If a company can manufacture automotive springs, it can probably make a pretty decent golf shaft.
That’s exactly the case for Nippon Shafts, whose parent company NHK Springs is a large automotive springs manufacturing company.
Mark Pekarek, North American distributor for Nippon, gives NHK credit for the construction methods and materials that give Nippon shafts their smooth feel and make them efficient at transferring energy.
Nippon’s latest iron shaft, the N.S. Pro Modus 3 Tour 130, is stiff in the butt and mid sections, but it has a softer tip section.
“What that creates is a little bit of a higher, easy launch but then a lower, Tour-type spin to get the ball to go through the air in a more penetrating fashion,” Pekarek said.
This is the opposite construction of the company’s N.S. Pro Modus 3 Tour 120 shaft that debuted in 2012, which is about 10 grams lighter than the Tour 130. Usually, lighter weight shafts are designed to hit the ball higher than their heavier weight counterparts, but the Tour 120 has a stiff tip with softer mid and butt sections — a construction that actually results in a lower flight.

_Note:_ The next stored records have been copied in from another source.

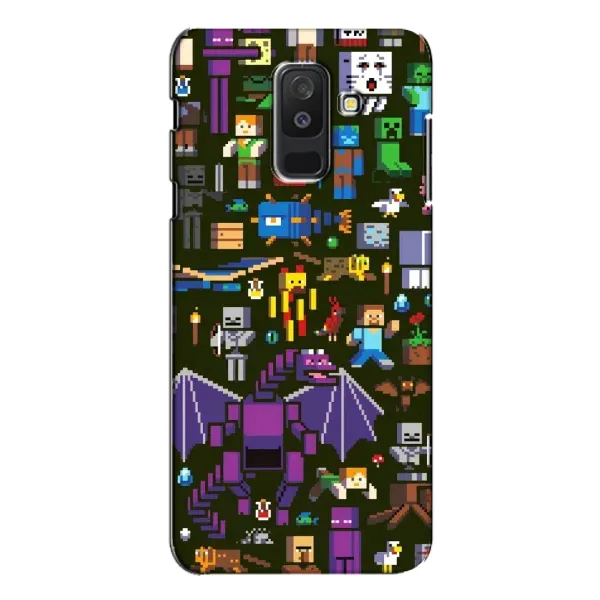 Чехол с принтом «Коллаж Майнкрафт» для Samsung Galaxy A6 Plus 2018 (A605) Чехол с принтом «Коллаж Майнкрафт» для Samsung Galaxy A6 Plus 2018 (A605)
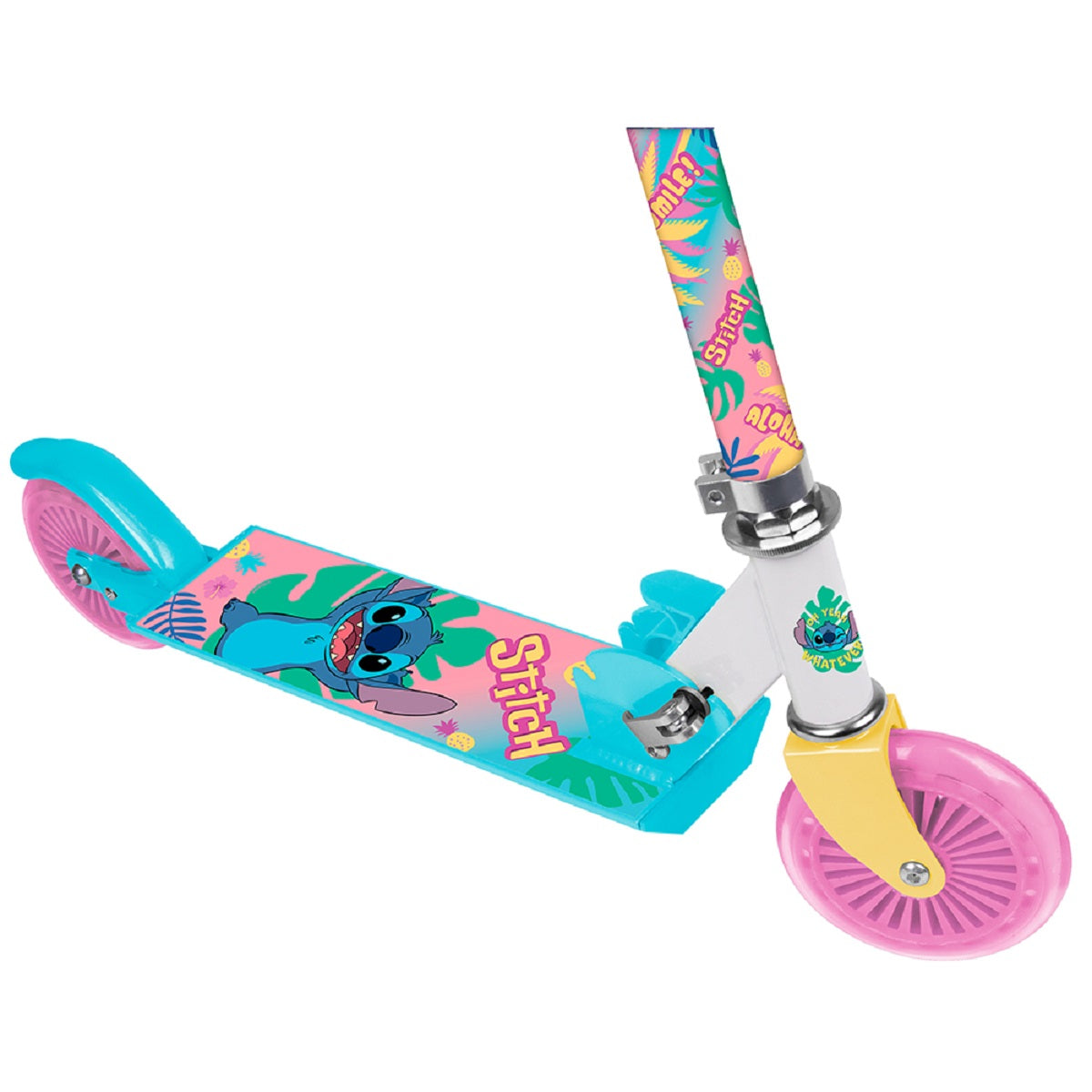 Lilo & Stitch 2-Rad Scooter Klappbar, rutschfest & sicher für Kinder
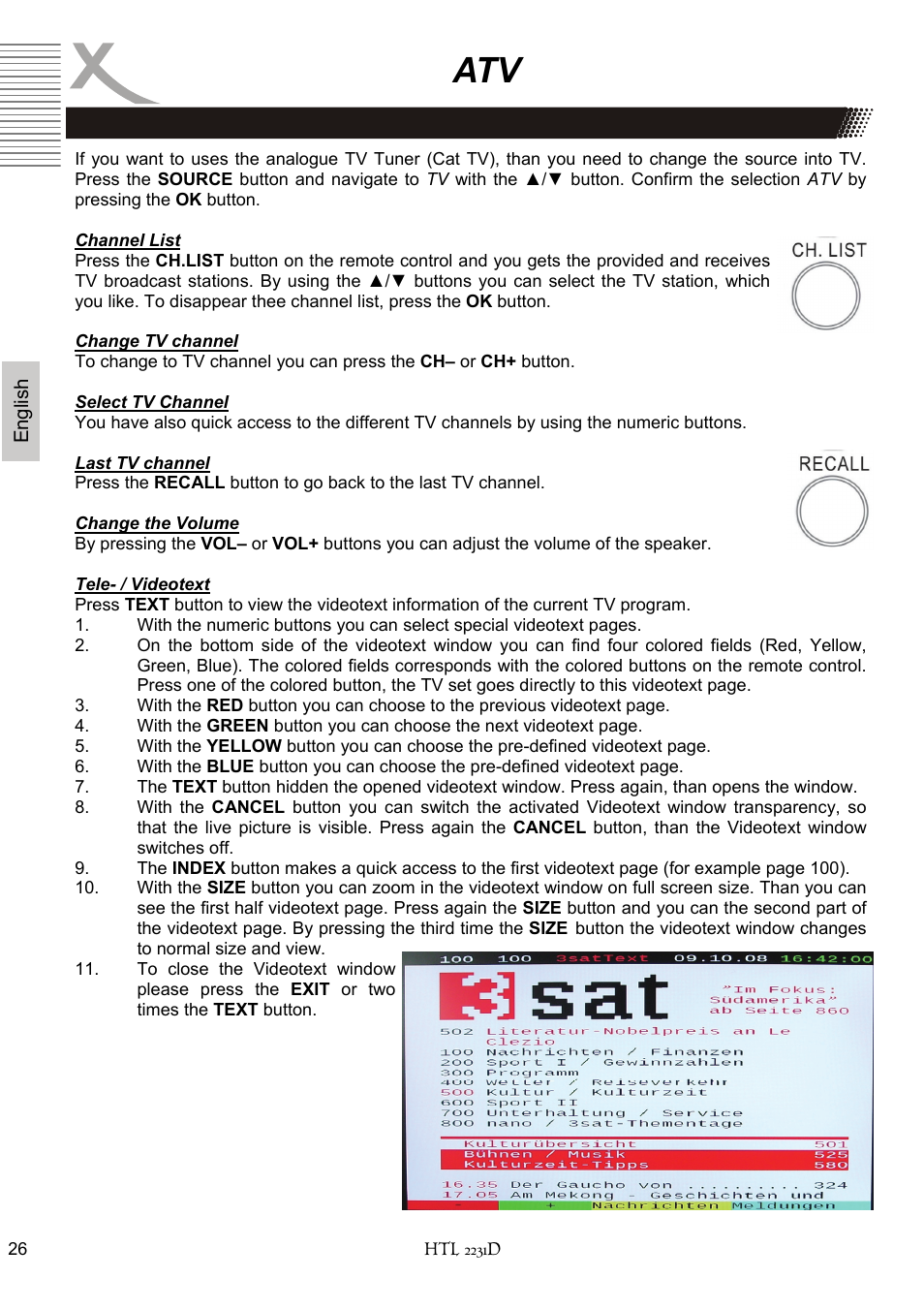 Xoro HTL 2231D User Manual | Page 78 / 154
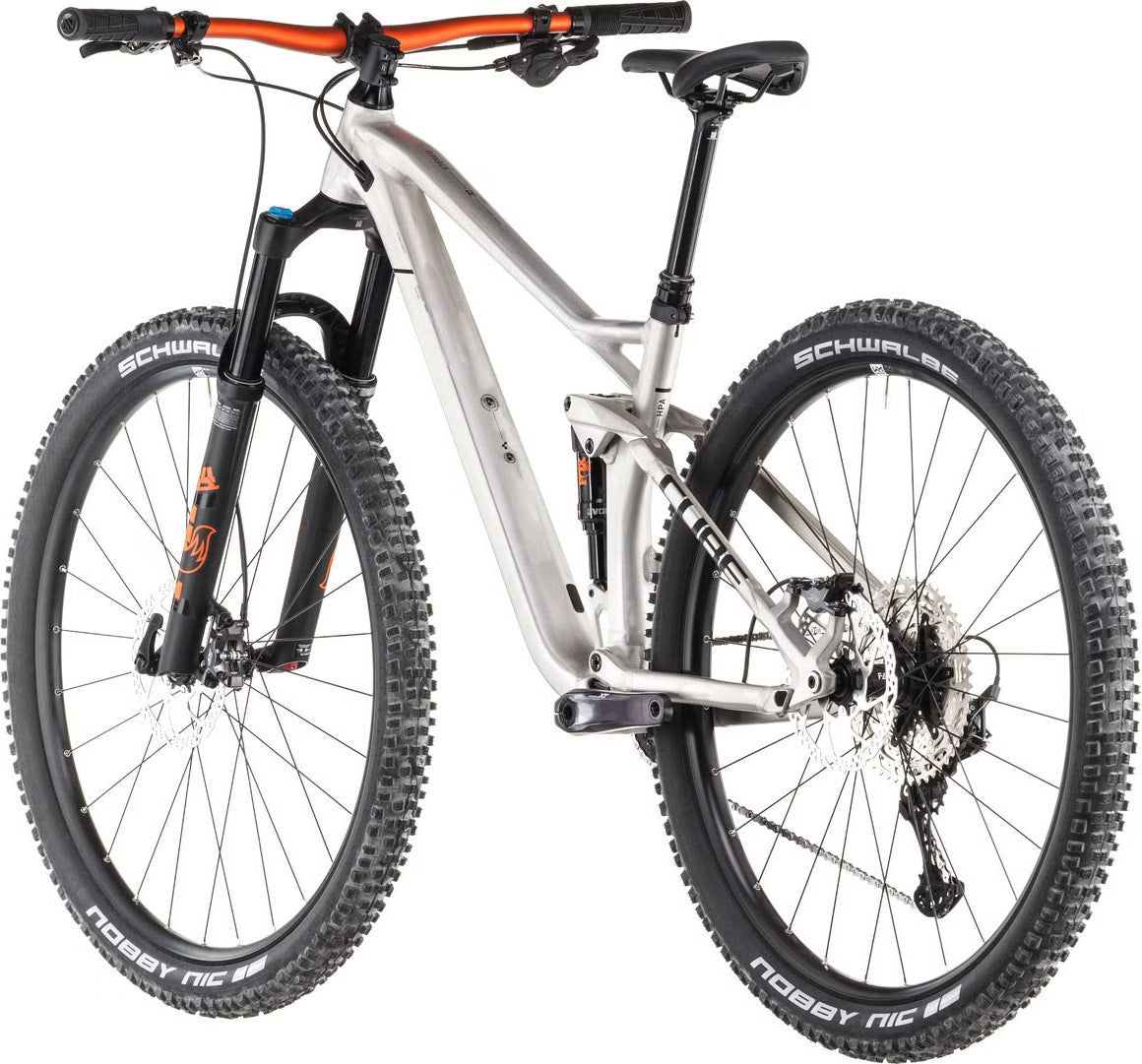 VTT Tout-Suspendu Cube Stereo One22 Race – Shimano XT 12V, Fox 34 Float 130mm, 29'' Argent Raw Metal 2025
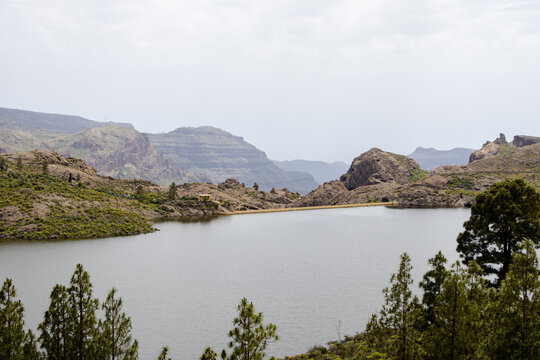 lake in the mountains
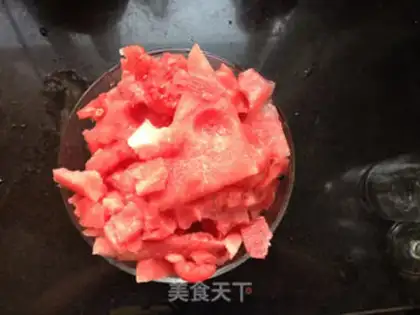 Make Cool watermelon juice step 1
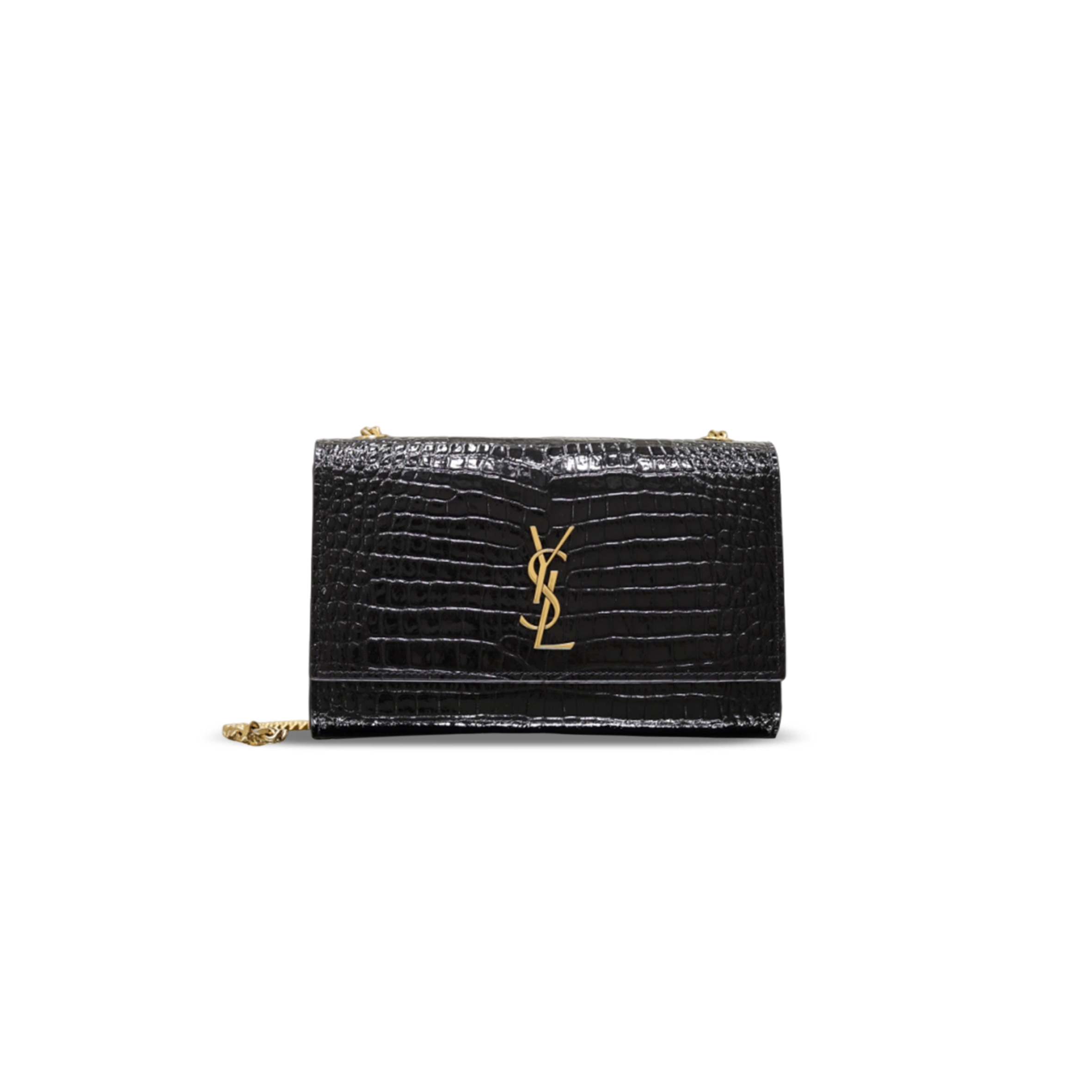 YSL NEW KATE SMALL IN CROCODILE EMBOSSED LEATHER 851504 (20*13*5cm)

Like all of the company’s shafts, the Tour 130 is created from a specially picked base metal. It then undergoes an NHK-learned heat treatment process that the company says helps with distance control.
The Tour 130 is currently used by Sergio Garcia. It comes in three flexes: the R (121 grams), S (124 grams) and X (129 grams) and sells for about $37 each.
The Tour 120 comes in four flexes: R (111 grams), S (114), X (120) and TX (126) and sells for the same price.